I have covered the work of the Pforzheim Design School recently. Today, presented as freelance concept designs, rather than as student work, here is David Obendorfer’s work. He graduated from the MOME Moholy-Nagy University of Art and Design of Budapest and has been working for the Officina Italiana Design of Mauro Micheli and Sergio Beretta for 5 years; they mainly deal with Riva boats and general ship design too.
Obendorfer has taken some 70s themes and presented them in a modern idiom. We can take this to really mean designed as if produced using modern methods. The 1972 Fiat 127 is shown here updated, as if the car had been evolving these last 40 years. I’d question the little crease under the front window but other than that, it’s a lot more credible than many designs Fiat itself presents. The images are from 2013.

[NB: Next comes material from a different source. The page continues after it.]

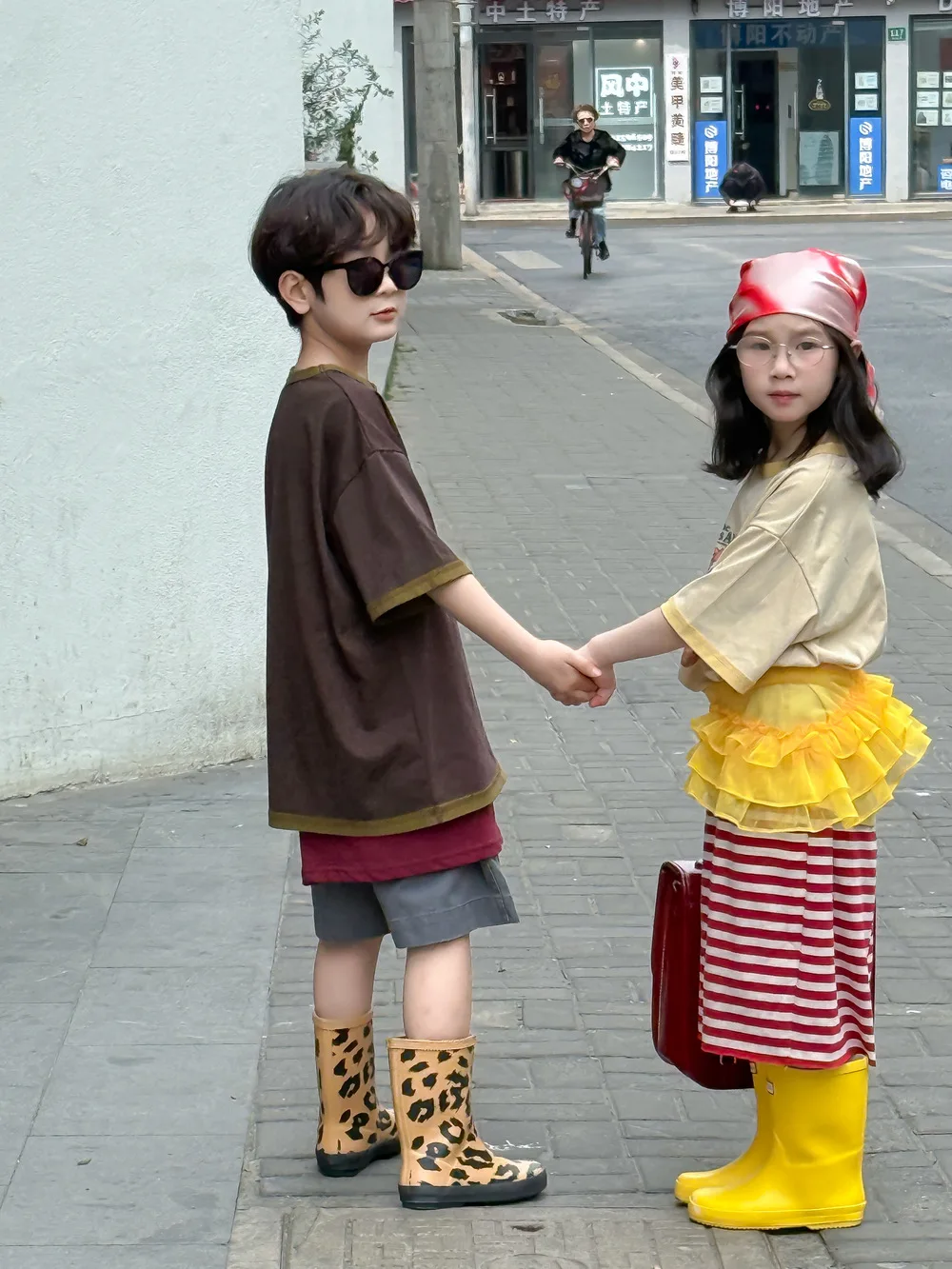 

Children Short Sleeve T Shirts 2-10 Years Summer Cartoon Print Boys Loose Casual Tee Cotton Girls Versatile Tops Kids Clothes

Obendorfer has also played around with some BMW themes, inspired by that most elegantly proportioned of cars, the 3.0 CS of 1965 . This image (above) is from 2014. While BMW have mostly eschewed retro-futurism (excepting the Z8 of 1999) these show how elastic the 60s and 70s themes can be.
What we have here then is retro-futurism, showing what happens if you separate out that element of the evolution of car design that follows engineering progress only.
Another vehicle in this vein is Renault’s 1996 Fiftie, one of the few retro cars from what automotive journalists (and only them) call la Regie.
The VW Concept 1 of 1994 and Lancia Fulvia concept of 2003 are vehicles following this line, based on existing forms. Marc Newson and J Mays applied this idea to a wholly
imaginary package and gave us a revival in the colour the car was painted in and named after, 021C, shown in 1999 at the Tokyo motor show. I note that Google search
showed as many versions showing up in Lime Green as in 021C and that colour was also noticeably more popular in the last decade than it had been before then, to the point of being a cliche.
What might be behind the phenomenon of Retrofuturism is the sense that car design had run out of open future into which it could be projected. This might explain the staleness of both production cars and concept cars of recent years.